The company said Rhodes 2.0 will feature new support for bi-directional audio and video streaming and a “metadata framework” that allows mobile apps to communicate with an enterprise’s existing IT systems. Rhomobile added that the platform is now completely free of charge, with the company changing from a general public licence to a GPL-compatible licence from Massachusetts Institute of Technology.


The platform supports development on iPhone, BlackBerry, Windows Mobile, Symbian, Android and WebOS operating systems.


Rhomobile CEO Adam Blum said his company is geared toward helping enterprise IT shops mobilize their apps and data on any smart phone. He added users will be able to create native mobile apps, as opposed to mobile Web apps, using the Rhodes framework.


Rhomobile also offers a sync service for enterprises looking to connect offline data with their mobile apps. The cost starts at US$5,000 for 100 users or US$10,000 for a 1,000 users.


“Our sweet spot is the enterprise Web developer and our economic buyer is the IT manager,” Blum said. “Our perceived core customer is really that IT manager that wants to mobilize their apps to smart phones and, typically, they’ll almost always want to do synchronized data in the process.”


The metadata framework, which allows mobile apps to connect with back-end IT systems, is already being used by some ISVs to create enterprise-ready smart phone tools. Rhomobile said developers can use the feature to change a field or attribute in their IT systems and have that modification reflected in real-time on the mobile app.


Blum cited RhoLogic Mobile for SugarCRM, which allows mobile workers to access, input and edit CRM data on their smart phone.


“Every enterprise has their own schema for SugarCRM and they customize it to describe what an account, contact, task or opportunity is,” he said. “Then, using our metadata framework, whatever data they have shows up on the device. You can even change it on the fly and the field and forms you see on the screen will change.”


Utilizing the new bi-directional audio and video feature, Blum said that U.K.-based Requestec developed a support app that gives enterprise users the ability to send audio and video back to the IT help desk.


Blum added that many of the mobile apps being developed through Rhodes are focused on CRM systems, field service apps, and help desk apps.


The Rhodes announcement hits the headlines as the mobile app development space continues to heat up.


Last week, Google Inc. promoted HTML5 and Google APIs as offering a “new era of mobile apps” on its Google Code Blog. The posting made by Adrian Graham, the co-founder of San Francisco-based Nextstop.com, said more people will jump on the HTML5 bandwagon as a cross-platform way to build powerful mobile apps.


“When building Nextstop’s HTML5 mobile app, we were able to leverage a powerful combination of HTML5 and Google APIs to build a mobile Web experience that we believe rivals what we could have built natively,” he said.

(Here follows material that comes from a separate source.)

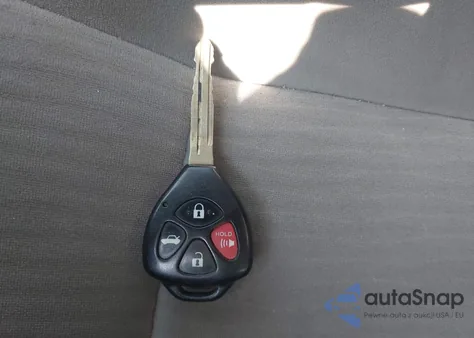 2010 Toyota Corolla Le z USA, uszkodzony, nr VIN 2T1BU4EE3AC284403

“As excited as we are about HTML5, things get even more interesting when you combine these technologies with Google APIs,” Graham said. He listed Google Maps API V3, Google Analytics, and Google Local Search API, adding that Google Maps API V3 has been rewritten to support modern mobile Web browsers.


For Blum, the ongoing advancement of HTML is a good thing.


“Our whole thing is we want to let you write a native mobile app, but we want to let you use HTML and take advantage of all modern HTML goodness,” he said.


“As HTML, CSS and JavaScript advance on the phone, that’s just more stuff that you can use in (the interface of your app).”


That aside, Blum stressed the fact that users want native apps that take advantage of device capabilities and utilizing local data.


“If a developer was going to wait for HTML and the W3C to somehow how standardize all these device capabilities, like camera and GPS, that’s something like a 10-year process,” he added.